There is hardly a day that goes by where I do not quote C.S. Lewis.
As many of my friends can attest.

So it should be no surprise that as I returned to Chicago after a wild few days on the west coast a bit of Lewis was tumbling around in my brain.

"What is the colour of things in the dark?"

It was still dark out when my plane landed away from the beautiful woods and mountains and back in the Midwestern flatlands. It was still dark when I hopped on the train, crossed the road to a bus, and walked the remaining distance to my apartment.

"What is the colour of things in the dark?"

Lady Reason posts this riddle to the Giant that was holding weary travelers in a prison of fear. Everywhere he turned his eye it exaggerated the grotesque possibility of the hidden things, like entrails and dark corners, making the mind go wild with terror. Yet when asked for an answer to this riddle the giant was stumped.

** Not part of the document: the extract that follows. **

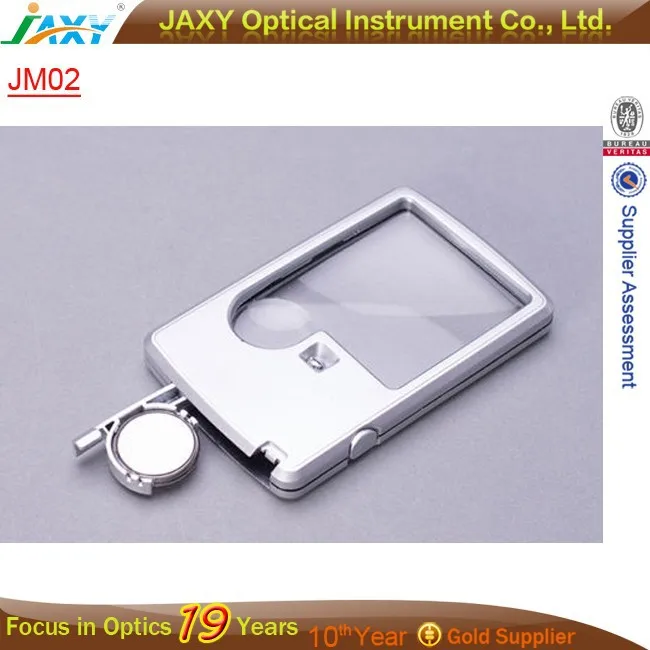 Лупа 3x и 6x из светодиодов кредитные карты стиль с кожаный чехол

Without light, there is no colour.

This trip by the sea was one which was a dream, an unexpected luxury in the middle of a semester. It was a family gathering to celebrate the anticipated arrival of a wee little man, my nephew. My Great-grandfather was with us, soon to see and hold his own Great-great-grandson. The last time we had so many generations in one room I was nine and my great-great-grandpa Bob was dying in his bed.  He, however, was anticipating recovery and made us all promise to go skinny dipping after he mowed the lawn.

As we all were gathered this week watching the sunset on the waves I felt a feeling I had been sore to meet with, something like home or belonging, let's call it peace.

Everyone I loved was with me, the ones that I felt connected to deep in my roots, from the mighty branch of Great-Grandpaw, to the hardy laughter of my brother-in-law's parents. How was this possible in the wake and shadow of Paradise being lost?

We ran on the sand barefoot searching for sand-dollars to exchange for real ones, we splashed in the salt and squished dead jellyfish in our hands. As long as I have been in the city my heart has been in the wilderness, the Ocean, the deep woods, or the shelves of the bookshops that dust the hills. When I called Chicago home it was more like you do a rented space, you have to believe it when you come back to the dorm bed that this is where you belong, because while in the dark it is.

 As I am waiting to know my steps, I have to understand that home is where I am now, that it is Who I am going toward with every faithful slumber even when I know I will wake up and feel out-of-place.

"What is the colour of things in the dark?"

As I took in my surroundings in Oregon I found it was full of the best parts of Paradise, the woods, the odd people on the side of the road, the winding mountain passes of pine trees with sudden verdant valleys. But I was in the dark, all the depth of meaning was lost on my limited perspective rooted in the present. Sleeping beside my sister in the upper room of the seaside cottage we rented for the week there was the familiar peace from years ago when I first came home from college.

How was it possible that my family is how they are? That no number of days or distance kills the warm loving-kindness that dwells in every moment, the immediate quiet forgiveness, the laughter until your sides hurt, the tasteful teasing when my little brother raises his elbow to rest it on the heads of those who are now that much shorter than him.

Considering the grief that we live in how can we be such a warm place where ever we go? Weather and storms, fire and tragedy, yet there it blooms in the roots of our family tree: Hope and Resilience.

There is no colour in the dark, all things are colourless without the light, they are unknown.

Lewis expresses the things hidden in the dark do not even exist. What he means is the man is something else than his entrails, if you cut him open you are not looking at the man, instead if you don't hurry to sew him up again you will be looking at not a man but death.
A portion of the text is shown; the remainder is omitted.